TO DO: A faithful copy of every record is needed here. Images must not appear in it.

━━━━

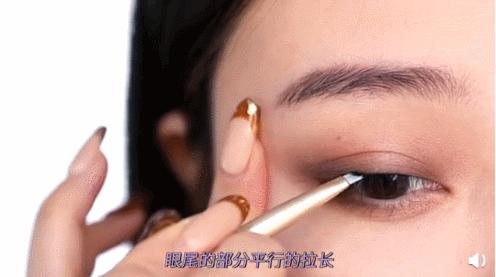 王鸥异瞳猫眼妆,单眼皮超好看的猫眼妆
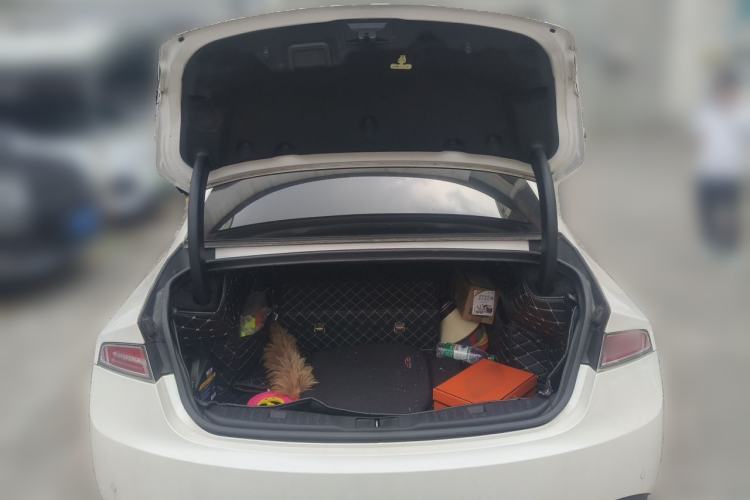 Used Lincoln MKZ 2018 2.0T Premium Edition Trunk
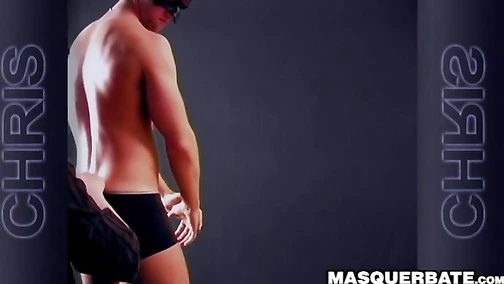 Hunk dances naked and masturbates on cam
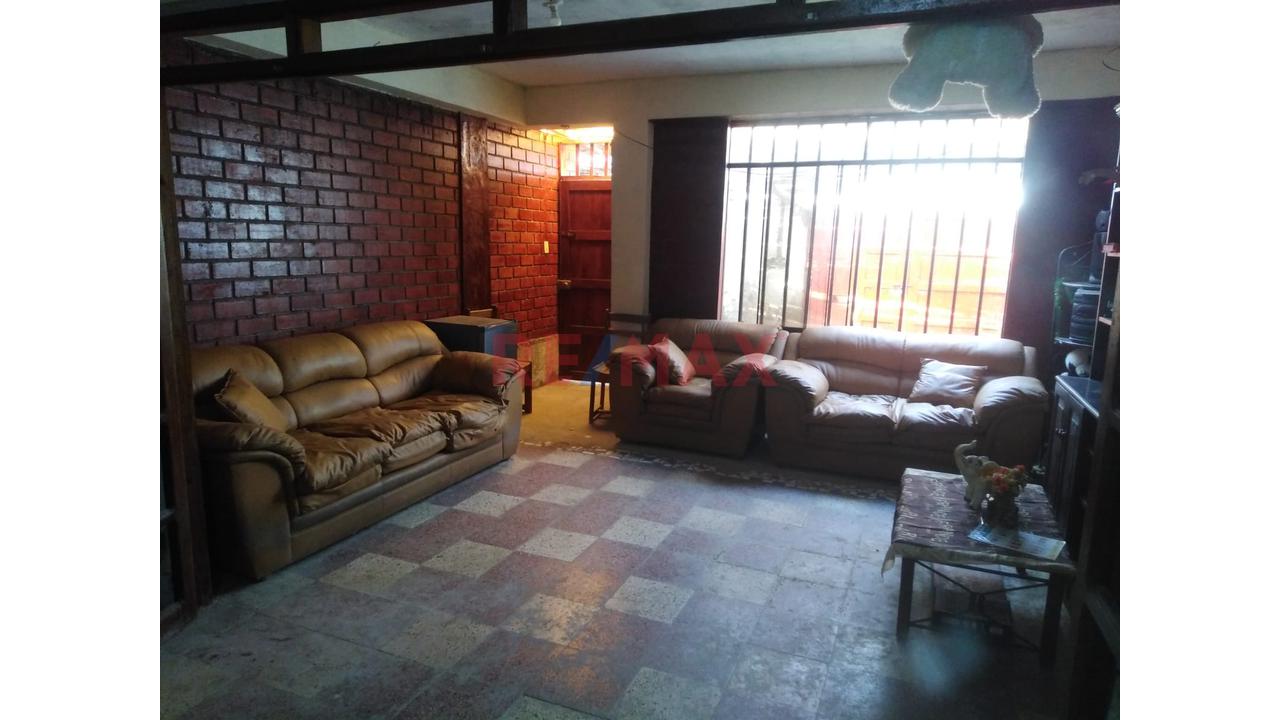 Casa Venta En Playa Arica / Dos Departamentos En Primer Piso Con Cochera - 12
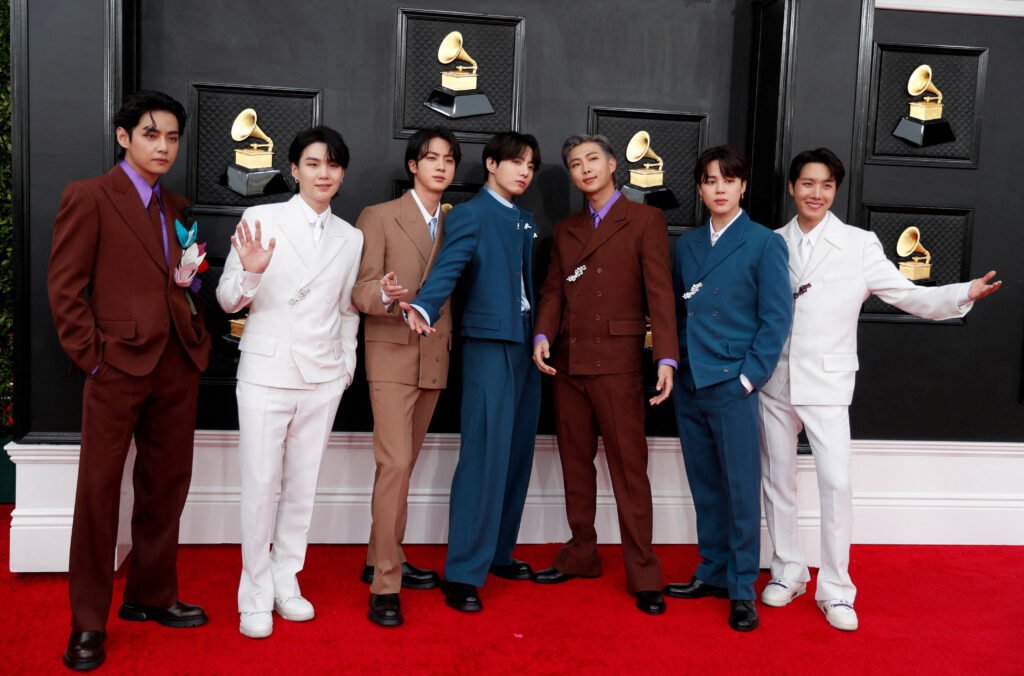 Tayang Gambar 'K-pop Idol' Depan Kaabah Untuk Konten, Individu Ini Dikecam Hebat Netizen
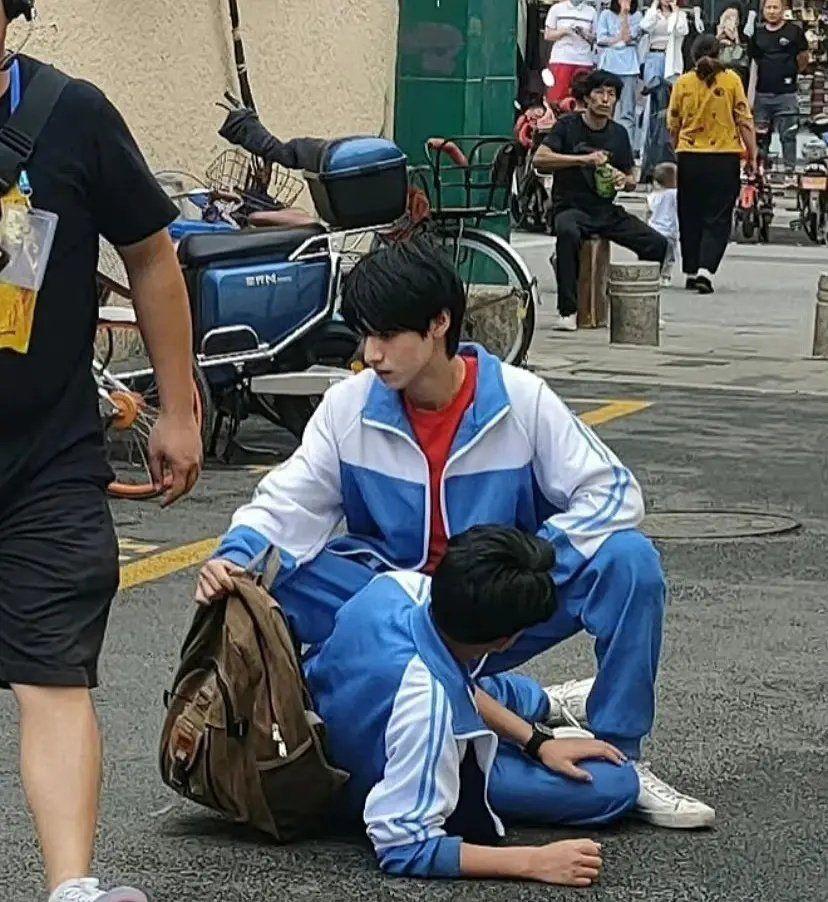 重庆七中的校草朱志鑫长得多好看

━━━━

SOLVED EXERCISE:
 王鸥异瞳猫眼妆,单眼皮超好看的猫眼妆
 Used Lincoln MKZ 2018 2.0T Premium Edition Trunk
 Hunk dances naked and masturbates on cam
 Casa Venta En Playa Arica / Dos Departamentos En Primer Piso Con Cochera - 12
 Tayang Gambar 'K-pop Idol' Depan Kaabah Untuk Konten, Individu Ini Dikecam Hebat Netizen
 重庆七中的校草朱志鑫长得多好看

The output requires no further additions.